Re: [PATCH] PCI: Disable IOV before pcibios_sriov_disable()

[Date Prev][Date Next][Thread Prev][Thread Next][Date Index][Thread Index]

 



On Thu, Apr 13, 2017 at 05:53:55PM +1000, Gavin Shan wrote:
> On Fri, Mar 31, 2017 at 10:24:06AM +1100, Gavin Shan wrote:
> >On Tue, Mar 21, 2017 at 09:50:06AM +1100, Gavin Shan wrote:
> >>On Mon, Mar 20, 2017 at 10:46:44AM -0500, Bjorn Helgaas wrote:
> >>>On Sat, Mar 18, 2017 at 11:19:07AM +1100, Gavin Shan wrote:
> >>>> On Thu, Mar 09, 2017 at 11:34:32AM +1100, Gavin Shan wrote:
> >>>> >On Tue, Mar 07, 2017 at 02:15:29PM -0600, Bjorn Helgaas wrote:
> >>>> >>On Mon, Feb 27, 2017 at 11:18:32AM +1100, Gavin Shan wrote:
> >>>> >>> The PowerNV platform is the only user of pcibios_sriov_disable().
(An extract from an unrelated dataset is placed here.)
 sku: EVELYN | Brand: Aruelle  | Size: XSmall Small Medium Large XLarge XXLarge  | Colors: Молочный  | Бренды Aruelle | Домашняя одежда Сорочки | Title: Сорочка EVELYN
> >>>> >>> The IOV BAR could be shifted by pci_iov_update_resource(). The
> >>>> >>> warning message in the function is printed if the IOV capability
> >>>> >>> is in enabled (PCI_SRIOV_CTRL_VFE && PCI_SRIOV_CTRL_MSE) state.
> >>>> >>> 
> >>>> >>>    pci_disable_sriov
> >>>> >>>    sriov_disable
> >>>> >>>    pnv_pci_sriov_disable
> >>>> >>>    pnv_pci_vf_resource_shift
> >>>> >>>    pci_update_resource
> >>>> >>>    pci_iov_update_resource
> >>>> >>> 
> >>>> >>> This fixes the issue by disabling IOV capability before calling
> >>>> >>> pcibios_sriov_disable(). With it, the disabling path matches with
> >>>> >>> the enabling path: pcibios_sriov_enable() is called before the
> >>>> >>> IOV capability is enabled.
> >>>> >>
> >>>> >>I'm vaguely uncomfortable about this path:
> >>>> >>
> >>>> >>  pci_disable_sriov
> >>>> >>    sriov_disable
> >>>> >>      pcibios_sriov_disable           # powerpc version
> >>>> >>	pnv_pci_sriov_disable
> >>>> >>	  pnv_pci_vf_resource_shift
> >>>> >>	    res = &dev->resource[i + PCI_IOV_RESOURCES]
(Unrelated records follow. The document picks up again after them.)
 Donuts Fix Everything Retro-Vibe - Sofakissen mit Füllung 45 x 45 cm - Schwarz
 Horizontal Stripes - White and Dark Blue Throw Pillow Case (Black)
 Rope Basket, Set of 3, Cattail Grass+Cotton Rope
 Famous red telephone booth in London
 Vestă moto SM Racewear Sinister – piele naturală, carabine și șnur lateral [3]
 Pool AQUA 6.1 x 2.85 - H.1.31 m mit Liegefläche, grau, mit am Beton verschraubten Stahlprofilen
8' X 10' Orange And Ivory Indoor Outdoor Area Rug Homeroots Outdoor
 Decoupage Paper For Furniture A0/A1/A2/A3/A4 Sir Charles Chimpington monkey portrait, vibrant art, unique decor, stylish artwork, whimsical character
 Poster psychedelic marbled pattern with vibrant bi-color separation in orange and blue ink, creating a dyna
> >>>> >>	    res->start += size * offset
> >>>> >>	    pci_update_resource
> >>>> >>	      pci_iov_update_resource
> >>>> >>	  pnv_pci_vf_release_m64
> >>>> >>
> >>>> >>1) "res" is already in the resource tree, so we shouldn't be changing
> >>>> >>   its start address, because that may make the tree inconsistent,
> >>>> >>   e.g., the resource may no longer be completely contained in its
> >>>> >>   parent, it may conflict with a sibling, etc.
> >>>> >>
> >>>> >>2) If we update "res->start", shouldn't we update "res->end"
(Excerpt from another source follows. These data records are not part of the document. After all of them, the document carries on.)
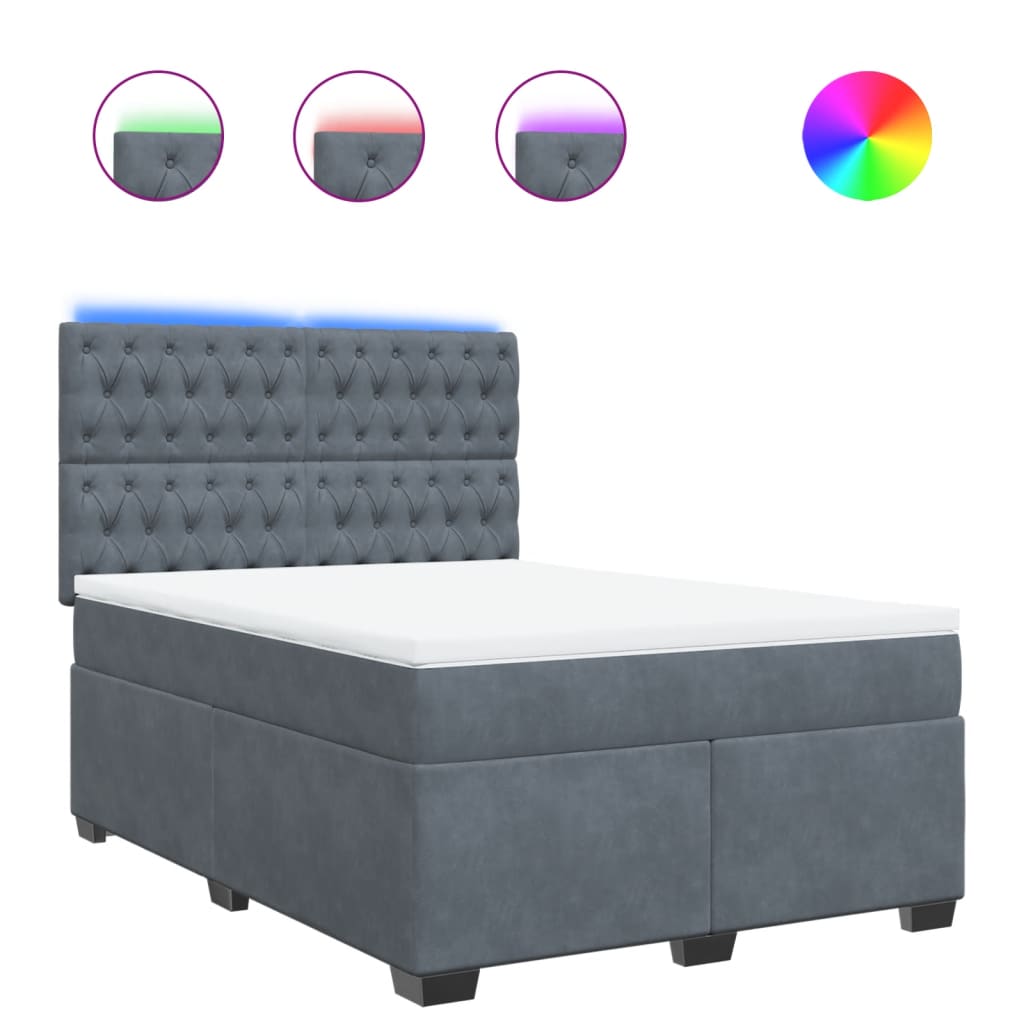 vidaXL Box spring postel s matrací tmavě šedý 140 x 190 cm samet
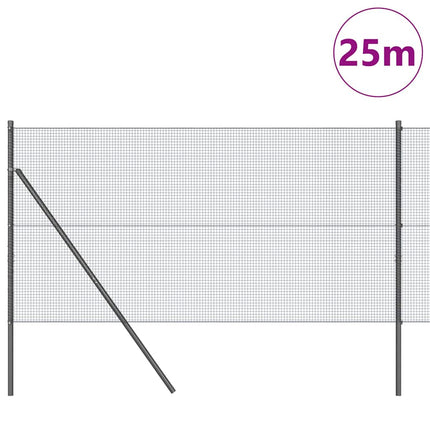 Svejset trådhegn jordfastgørelse 25 x 1,4 m PVC-belagt stål Grå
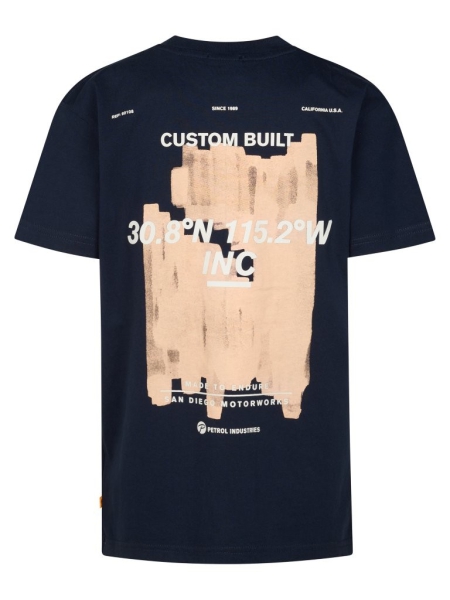 Petrol t-shirt classic print navy blue (B-1060-TSR675-5178)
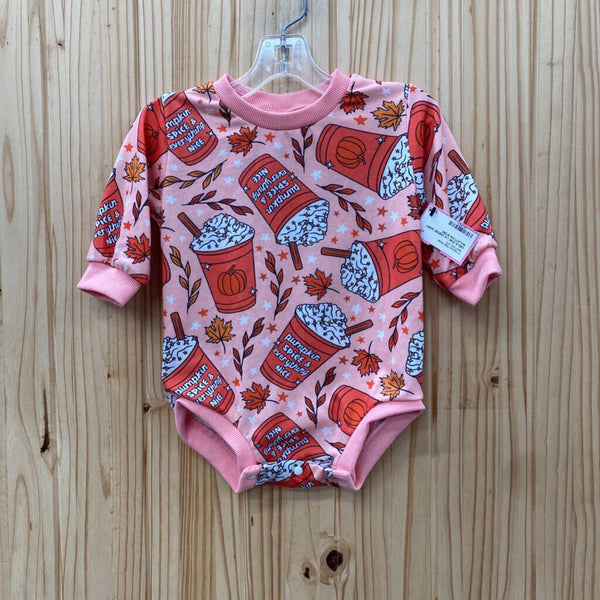 GIRLS PINK LS ONESIE SHIRT W/LATTAS 9/12M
> >>>> >>   correspondingly?
> >>>> >>
> >>>> >>It seems like it'd be better if we didn't update the device resources
> >>>> >>in the enable/disable paths.  If we could do the resource adjustments
> >>>> >>earlier, somewhere before we give the device to a driver, it seems
> >>>> >>like it would avoid these issues.
> >>>> >>
> >>>> >>We might have talked about these questions in the past, so I apologize
> >>>> >>if you've already explained this.  If that's the case, maybe we just
> >>>> >>need some comments in the code to help the next confused reader.
> >>>> >>
> >>>> >
> >>>> >Bjorn, thanks for review. I agree it's not perfect. We discussed this long
> >>>> >time ago as I can remember. Let me try to make it a bit more clear: In our
> >>>> >PHB hardware, there are 16 MMIO BARs. Each of them can be shared by 256 PEs
> >>>> >(A) and owned exclusively by one PE (B). When VF BAR size is small enough,
> >>>> >we take (A). Otherwise, we have to take (B). Only when taking (A), we need
> >>>> >expand/move/shrink the IOV BAR. So lets stick to (A) for discussion here.
> >>>> >
> >>>> >Under (A), PF's IOV BAR size is extended to ((256 * (VF BAR size)) when the
> >>>> >PF is probed. Then the @res, which corresponds to the IOV BAR, is assigned
> >>>> >and put into the resource tree during resource sizing and assignment stage.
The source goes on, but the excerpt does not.